Fast data exploration for predictive modeling
The problem: Before modeling, we need to check/change numerical, categorical, NAs, one unique value and high cardinality variables.
The new version of funModeling
1.9.2 was released aimed to have assistance during the prior step in creating machine learning models.
This post has its continues on Automatic data types checking in predictive models
Introduction
data_integrity
function provide information about the format of all the variables, as well as some short stats about NA
values.
This way we can select and transform the variables, keeping them in the format we need.
# install.packages("funModeling")
library(funModeling)
Load the messy data:
library(tidyverse)
data=read_delim("https://raw.githubusercontent.com/pablo14/data-integrity/master/messy_data.txt", delim = ';')

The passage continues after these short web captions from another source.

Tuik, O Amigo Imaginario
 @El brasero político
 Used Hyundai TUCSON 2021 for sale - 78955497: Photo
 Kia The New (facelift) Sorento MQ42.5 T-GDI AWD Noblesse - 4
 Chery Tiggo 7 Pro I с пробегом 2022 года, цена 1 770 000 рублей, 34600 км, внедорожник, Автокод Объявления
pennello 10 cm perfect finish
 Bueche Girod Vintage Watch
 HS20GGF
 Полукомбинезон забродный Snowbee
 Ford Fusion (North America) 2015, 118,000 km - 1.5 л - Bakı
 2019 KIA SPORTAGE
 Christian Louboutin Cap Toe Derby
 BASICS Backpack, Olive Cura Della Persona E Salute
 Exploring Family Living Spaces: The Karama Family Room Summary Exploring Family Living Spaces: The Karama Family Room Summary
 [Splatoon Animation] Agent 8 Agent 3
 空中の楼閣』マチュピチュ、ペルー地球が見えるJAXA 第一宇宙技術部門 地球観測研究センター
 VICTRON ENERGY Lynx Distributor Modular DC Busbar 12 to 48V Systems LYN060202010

Now we call to data_integrity
function, which returns an integrity
object:
di=data_integrity(data)
Then, summary
function gives us a quick self-explanatory overview :
summary(di)
##
## ◌ {Numerical with NA} num_vessels_flour, thal
## ◌ {Categorical with NA} gender
## ● {One unique value} constant
Now we can apply mutate_at
, select
, or apply other function over certain and specific columns.
In case we need the variable name as a vector of strings, we can use the RStudio bare-combine add-in:
My keyboard shortcut for this lil' function gets quite the workout…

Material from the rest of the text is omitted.